One of Mackenzie’s most recent series embody many similarities with double exposure photography. Double exposure is a technique that originated with film, where the photographer essentially exposes the same frame of film more than once (usually two times). Film can only be exposed to light so much before it will stop recording information. The part of the film that was darker after first exposure will be most receptive to the light from the second pass. It’s common to have a person be the subject of the first exposure, and then overlay some element on top. At times the element could be an intriguing texture, like a tree canopy or fence line. The best examples of double exposure portraits overlay some element that has meaning and intentionality.
Read on to view images of Mackenzie’s process as she works on a new series that incorporates both chalk and charcoal, and to learn more about her experience and insights into her artistic process.
What was the inspiration behind the medium you chose?
“The inspiration for my choice of medium often comes from either the subject, or feeling I wan to create. I most often use chalk and charcoals, as I prefer the bolder lines and different levels of contrast. I love how charcoals allow me to create both bold lines, and softer lines when blended. By using such strong mediums, I am able to create different textures throughout each piece.”
How do you set up your space when you sit down to be creative?
“I operate best in unexpected environments. I often sit at my kitchen table, at the coffee table, or sometimes I’ll even spread out on the floor. My computer or iPad is usually nearby with some sort of image up for inspiration. Interestingly, I’ve found that I can’t work in silence. I prefer to have a movie or show on while I’m drawing. It keeps my mind busy in case I get stuck or frustrated with my progress.”
Describe the emotions you want your artwork to convey.
“I will often create bolder pieces that are sometimes rather obscure, so my hope is that as people view the piece, they’re intrigued and feel excitement.
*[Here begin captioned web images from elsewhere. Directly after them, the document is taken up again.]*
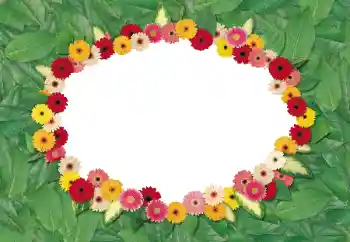 Foto Effekt från kategori Kvinna Fotoramar № 180695 Foto Effekt från kategori Kvinna Fotoramar № 180695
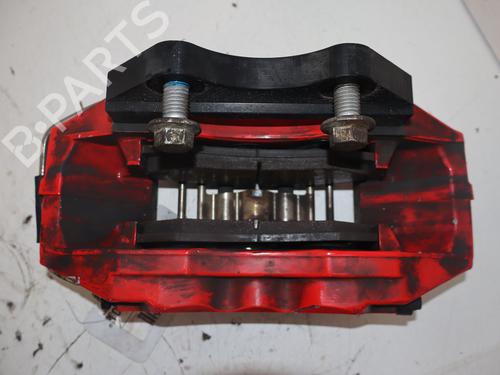 Right front brake caliper FORD FOCUS III 2.0 ST | BP36820345M104 - Image 2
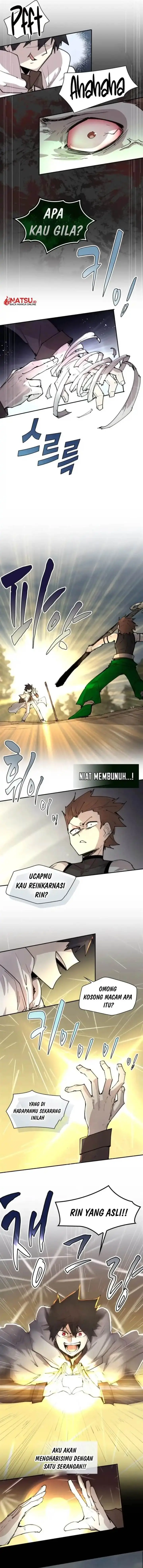 image-komik-the-rebirth-of-the-heros-partys-archmage-chapter-106-9/12
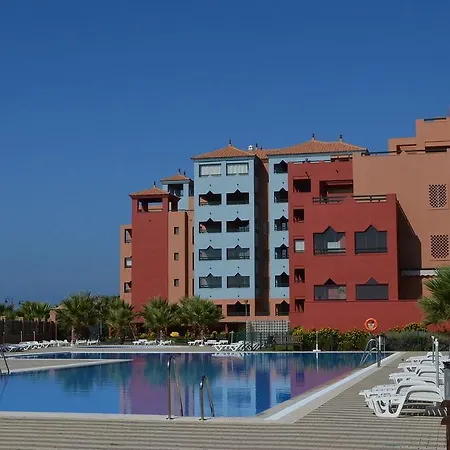 Solmares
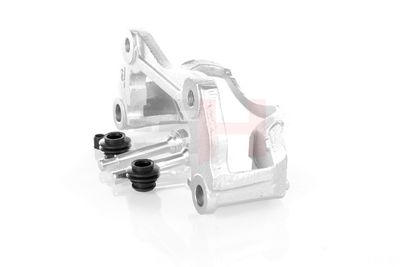 SUPORT ETRIER GH GH443520 50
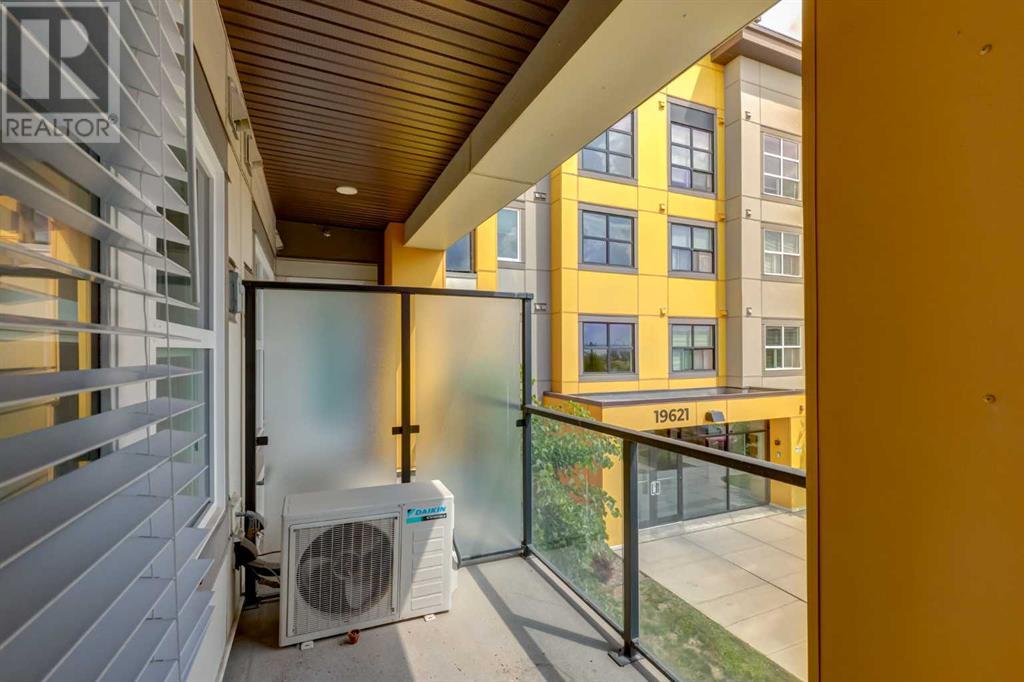 Single Family House for Sale in    Street SE Seton Calgary 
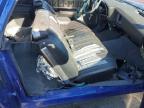 1977 Chevrolet Malibu Cls for Sale in Martinez, CA - Vandalism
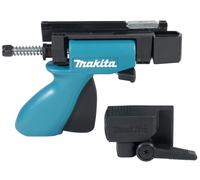 Set Di Mandrini Rapidi Makita, 2 Pezzi (1913K5-7)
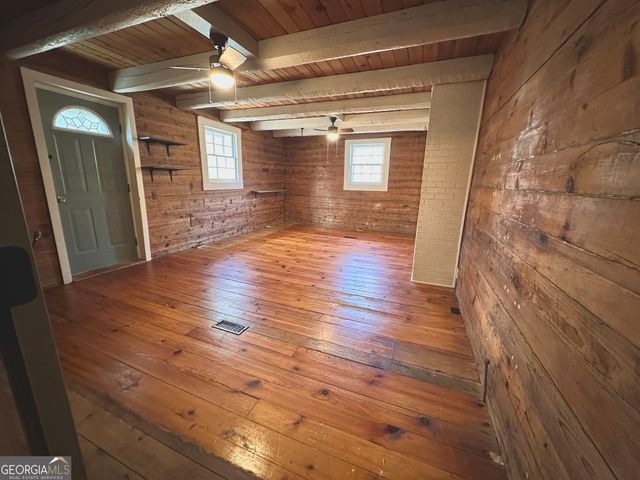 834 Hancock Road, Demorest, GA 30535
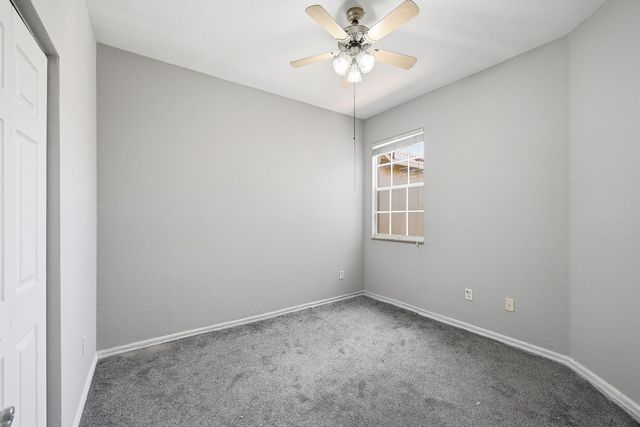 9056 Plymouth Place, Tamarac, FL 33321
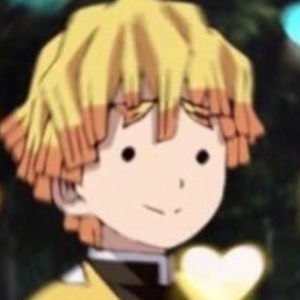 Meet your Posher, Jazmine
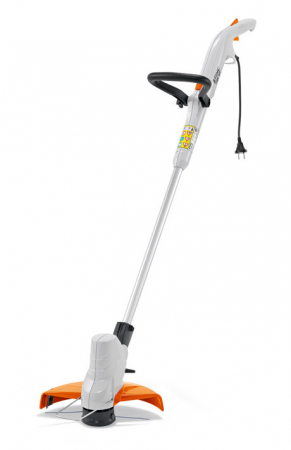 Motocoasa electrica STIHL FSE 52 [0]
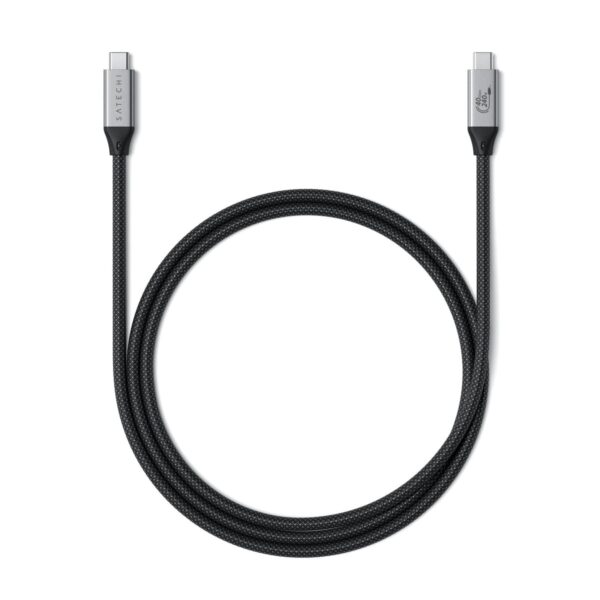 Satechi USB4 Pro Cable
Some pieces are created so that viewers could feel specific emotions — such as joy, anger, warmth. I never create pieces with the intention of evoking negative feelings; I want viewers to be perplexed and intrigued and experience happiness. Despite all that, I know each piece will speak differently to each person.”
Do other artists inspire your creative process?
“Often times that’s where I find most of my inspiration. I always find it so mind-boggling to see how other artists are able to create something new. How are they able to come up with something so unique? Powerful? Emotional? When I look at other pieces from other artists, I try to imagine the state of mind they were in when coming up with that idea.”